Details
Description
If a rebalance is performed after turning the OS clock back, then the kafka server enters in a loop and the rebalance cannot be completed until the system returns to the previous date/hour.
Steps to Reproduce:
- Start a consumer for TOPIC_NAME with group id GROUP_NAME. It will be owner of all the partitions.
- Turn the system (OS) clock back. For instance 1 hour.
- Start a new consumer for TOPIC_NAME using the same group id, it will force a rebalance.
After these actions the kafka server logs constantly display the messages below, and after a while both consumers do not receive more packages. This condition lasts at least the time that the clock went back, for this example 1 hour, and finally after this time kafka comes back to work.
[2016-08-08 11:30:23,023] INFO [GroupCoordinator 0]: Preparing to restabilize group GROUP_NAME with old generation 2 (kafka.coordinator.GroupCoordinator)

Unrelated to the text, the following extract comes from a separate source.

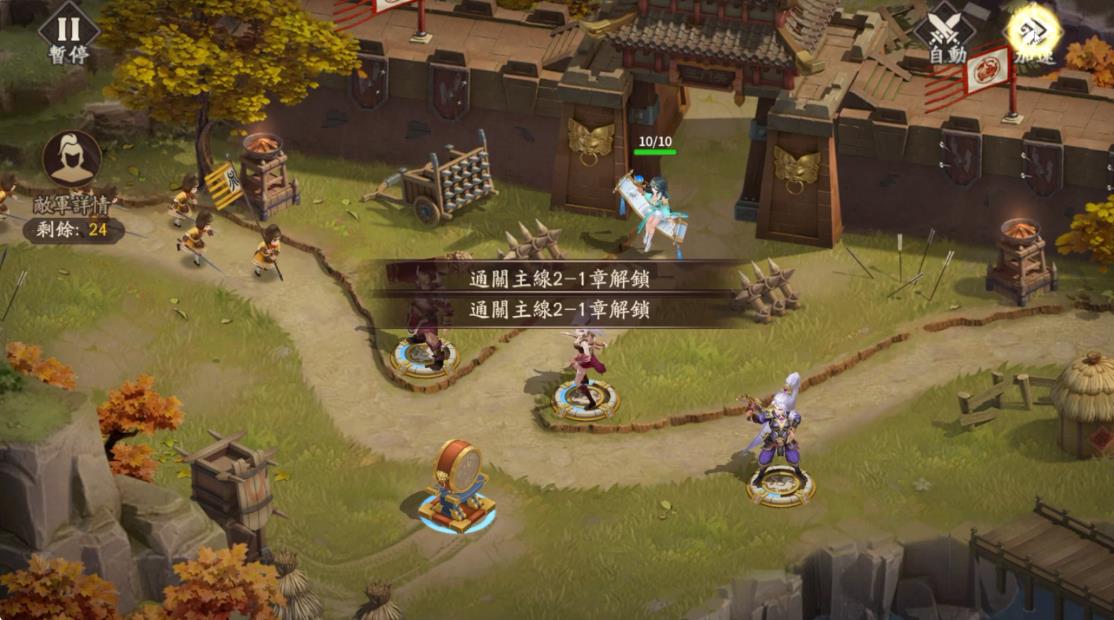 守住呀道友手游免费正版下载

[2016-08-08 11:30:23,025] INFO [GroupCoordinator 0]: Stabilized group GROUP_NAME generation 3 (kafka.coordinator.GroupCoordinator)
[2016-08-08 11:30:23,027] INFO [GroupCoordinator 0]: Preparing to restabilize group GROUP_NAME with old generation 3 (kafka.coordinator.GroupCoordinator)

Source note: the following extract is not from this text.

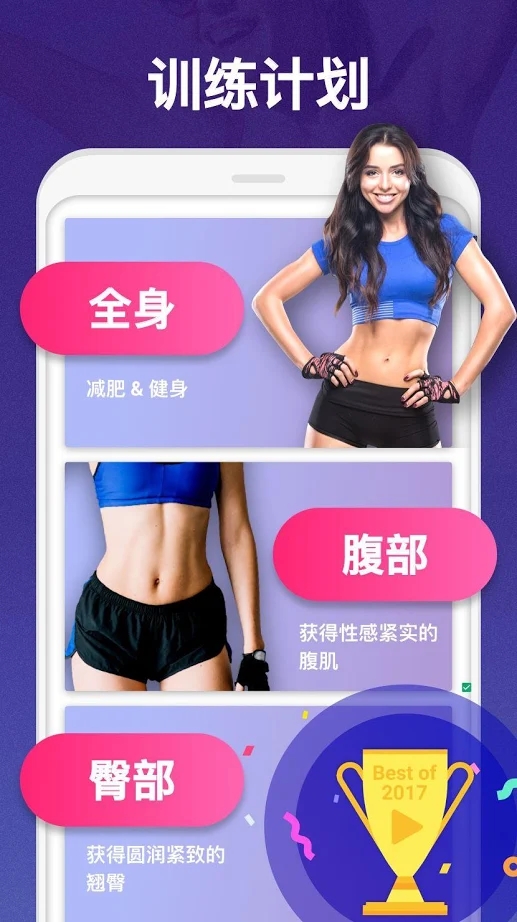 30天内减肥app 1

[2016-08-08 11:30:23,029] INFO [GroupCoordinator 0]: Group GROUP_NAME generation 3 is dead and removed (kafka.coordinator.GroupCoordinator)

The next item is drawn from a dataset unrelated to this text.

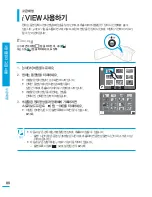 Preview for 88 page of Samsung HMX-S10BN (Korean) User Manual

[2016-08-08 11:30:23,032] INFO [GroupCoordinator 0]: Preparing to restabilize group GROUP_NAME with old generation 0 (kafka.coordinator.GroupCoordinator)
[2016-08-08 11:30:23,032] INFO [GroupCoordinator 0]: Stabilized group GROUP_NAME generation 1 (kafka.coordinator.GroupCoordinator)
[2016-08-08 11:30:23,033] INFO [GroupCoordinator 0]: Preparing to restabilize group GROUP_NAME with old generation 1 (kafka.coordinator.GroupCoordinator)
[2016-08-08 11:30:23,034] INFO [GroupCoordinator 0]: Group GROUP generation 1 is dead and removed (kafka.coordinator.GroupCoordinator)
[2016-08-08 11:30:23,043] INFO [GroupCoordinator 0]: Preparing to restabilize group GROUP_NAME with old generation 0 (kafka.coordinator.GroupCoordinator)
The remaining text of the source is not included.